Vittorio Zecchin and Franz Pelzel at S.A.L.I.R.
This unique, highly carved and polished vase was designed and executed at the S.A.L.I.R. company for the Venice Biennale of 1932 and is the result of a collaboration between artist and designer Vittorio Zecchin and master engraver Franz Pelzel.
A period photo of the present lot from the S.A.L.I.R. archive. (Photograph courtesy of Marino Barovier)
This vase is exceptional for several reasons. First, Murano glass is not generally known for highly carved surface decoration. Next, this vase is a unique example, which is exceedingly rare as Murano glass pieces were usually made as multiples or in series. Finally, this vase can be said to represent the influence of three significant art glass traditions—Bohemian, Swedish and Muranese. And all of this can only be understood in light of the history of S.A.L.I.R., perhaps the most unique and specific of all Murano glass workshops in the 20th century.

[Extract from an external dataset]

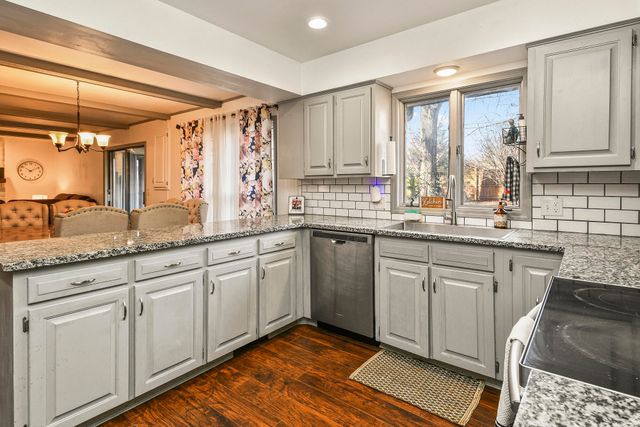 1455 S Oakmont Avenue, Springfield, MO 65809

Founded in 1921, the company became a true force in 1927 when master engravers Guido Balsalmo Stella and Franz Pelzel joined the firm. Stella was an engraver from Turin who had trained extensively in Central Europe. He developed an interest in glass carving after several visits to Sweden where he admired Orrefors glass. In 1914 he married Swedish painter and textile designer Anna Akerdhal who became a long time artistic collaborator. In 1921, Stella invited the Bohemian designer and master engraver Franz Pelzel to join him in Florence where they established a workshop. In 1925 they relocated to the Giudecca in Venice, and in 1927 they joined the S.A.L.I.R. firm. It was during this period of the late 1920s and early 1930s when Vittorio Zecchin first began to work with the two engravers at S.A.L.I.R. and helped create a new trend in Murano glass.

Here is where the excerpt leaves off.